The code below also subsets Class 1 races that will be used to handicap the Listed race extracted earlier, the Zetland Stakes.
# merge list returned by zipf_init and subset_races
subset_races <- merge_zipf_init(zipf_list = hcp, races = subset_races, btn_var = "diff_wgts")
# use average ratings per group
subset_races$zipf_rtg[which(subset_races$race_class == "Class 1")] <- 97 + subset_races$zipf_rtg[which(subset_races$race_class == "Class 1")]
subset_races$zipf_rtg[which(subset_races$race_class == "Class 2")] <- 86 + subset_races$zipf_rtg[which(subset_races$race_class == "Class 2")]
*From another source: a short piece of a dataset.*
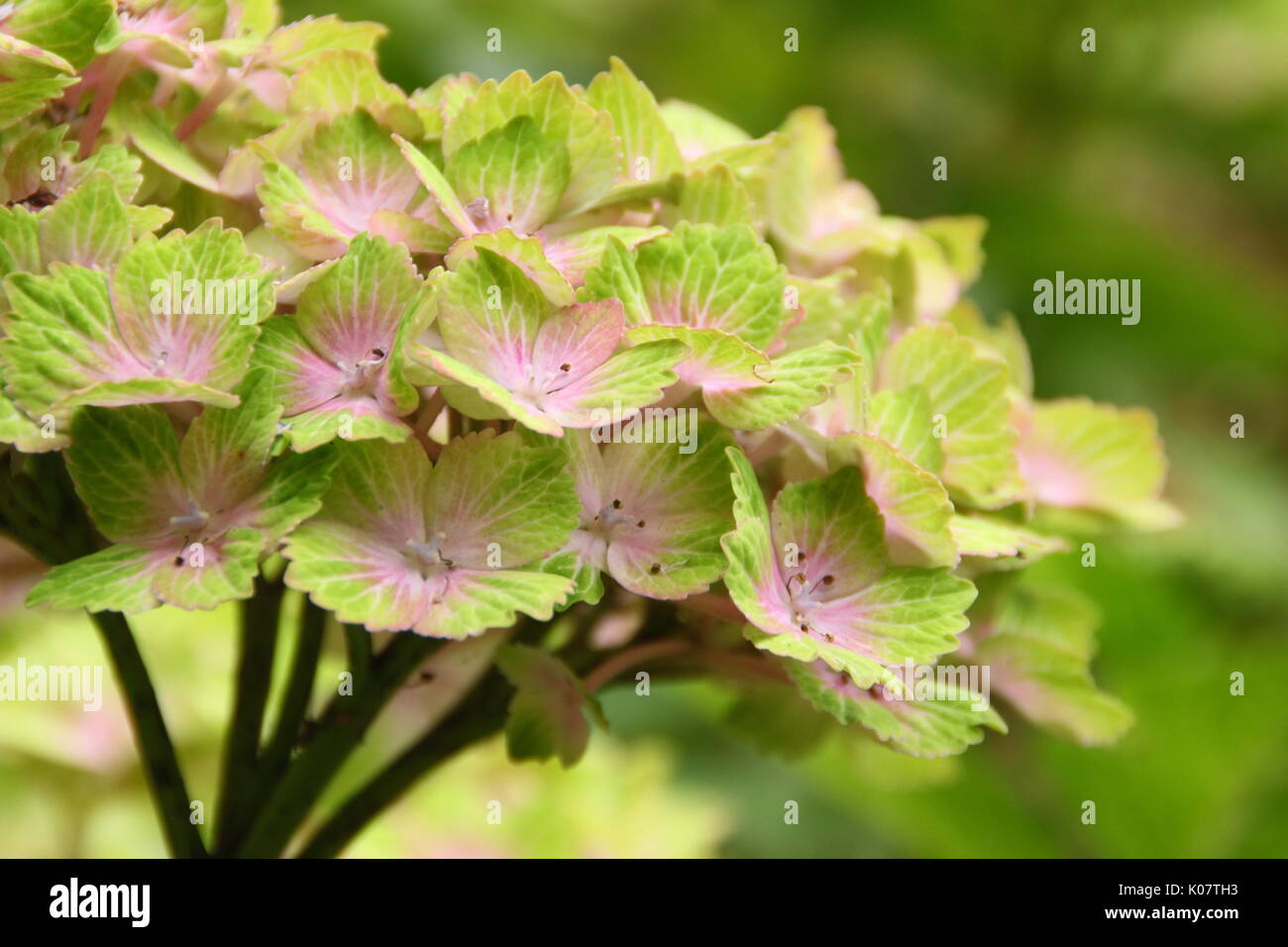 Ortensia 'Magical' Rhapsody in piena fioritura in un giardino inglese di frontiera, REGNO UNITO Foto Stock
class1_races <- subset_races %>% filter(race_class == "Class 1")
Now to show zipf_hcp
, we have a group of races that have been handicapped and ratings calculated, class1_races
, and we have a race that requires handicapping zetland_stakes
. The zipf_hcp
function uses a collection of similar races and their ratings, to calculate potential ratings for the winner of a new, un-rated race.
hcp <- zipf_hcp(race = zetland_stakes, past_races = class1_races, race_id = c("race_date", "race_time", "track"), btn_var = "diff_wgts", rating = "zipf_rtg")
plot(hcp)
The plot shows a distribution of potential ratings for the winner of the Zetland Stakes, these potential ratings are calculated using each of the races in class1_races
, the average rating, 102.1751563 is also shown. As the plot suggests, using more races would likely strengthen the confidence in a rating.